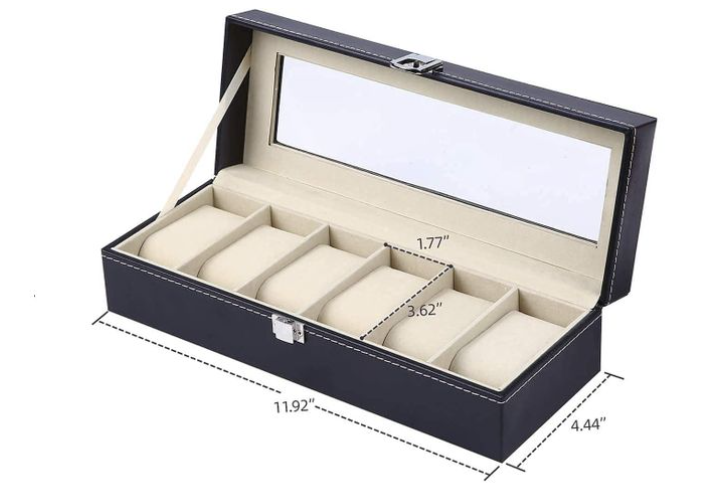 Watch Organizer, 6 Slot Watch Box PU Leather Watch Storage Case, Perfect Birthday Presents Storage Box Case Holder Organizer with Transparent Window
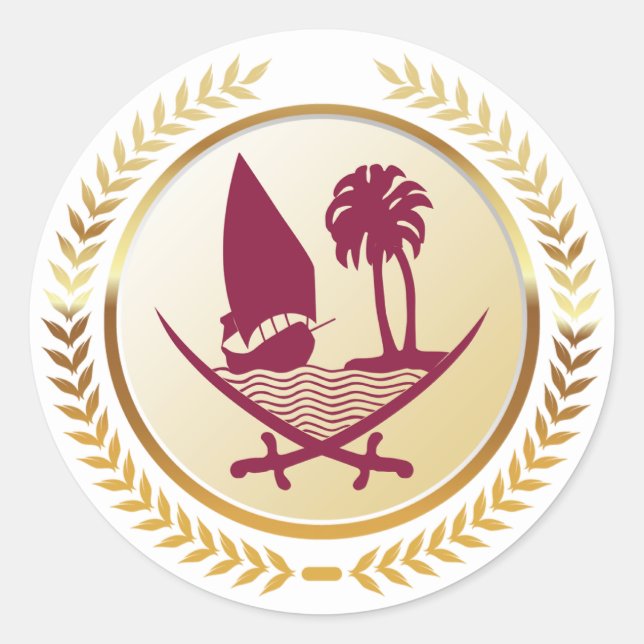 Sticker Rond Emblème du Qatar (Devant)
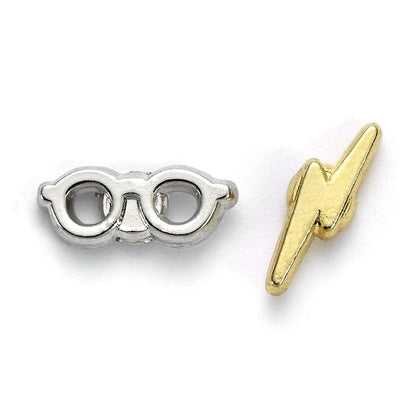 HARRY POTTER Blitz und Brille Mujer Set de Pendientes Plateado, Aleación de Zinc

§ **EXERCISE REQUIREMENTS**: Reproduce all of the material above word for word. Omit the pictures.

§ **RESULT**:
 Watch Organizer, 6 Slot Watch Box PU Leather Watch Storage Case, Perfect Birthday Presents Storage Box Case Holder Organizer with Transparent Window
 Sticker Rond Emblème du Qatar (Devant)
 HARRY POTTER Blitz und Brille Mujer Set de Pendientes Plateado, Aleación de Zinc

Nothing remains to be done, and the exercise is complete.